L’accent mis sur la santé peut-il motiver des progrès dans l’action climatique mondiale ?

Malgré près de trois décennies de négociations mondiales concertées pour stopper le réchauffement climatique, la planète continue de se réchauffer et les émissions de carbone continuent d’augmenter. Les négociations formelles de la COP28 tiendront compte des résultats du premier « bilan mondial », un compte rendu de la manière dont les pays ont respecté les mesures qu’ils se sont engagés à prendre dans l’Accord de Paris conclu lors de la COP21 en 2015.

Le rapport d’inventairepublié en septembre, a constaté que nous sommes loin du chemin pour atteindre les objectifs de réduction des émissions de carbone fixés à Paris. Le dépassement de ces objectifs rend bien plus difficile le maintien du réchauffement climatique en dessous de 1,5, voire 2 degrés Celsius, niveau au-dessus duquel il pourrait être impossible d’éviter un changement climatique imminent, catastrophique et irréversible.

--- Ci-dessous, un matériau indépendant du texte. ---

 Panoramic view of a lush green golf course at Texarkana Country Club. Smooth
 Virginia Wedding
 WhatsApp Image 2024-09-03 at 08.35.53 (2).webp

Teherani et Al-Delaimy soupçonnent tous deux un lien entre la lenteur de la réaction face aux preuves croissantes d’une catastrophe et le fait que la santé humaine n’a pas encore pleinement émergé comme un axe central de l’action climatique.

« La conversation la plus importante porte sur la manière dont nous pouvons abandonner les combustibles fossiles. La conversation doit commencer par là », déclare Teherani. Mais si les dirigeants mondiaux et les gens ordinaires avaient une meilleure maîtrise des implications du changement climatique sur la santé, elle pense que nous commencerions à voir des progrès plus rapides vers la réduction des combustibles fossiles qui sont à l’origine de la crise climatique. « La santé est une chose très personnelle pour chaque être humain. Et quand vous réalisez que votre santé et celle de vos proches vont être affectées à cause de ce qui se passe avec le climat, cela solidifie la réalité à laquelle nous sommes confrontés.  »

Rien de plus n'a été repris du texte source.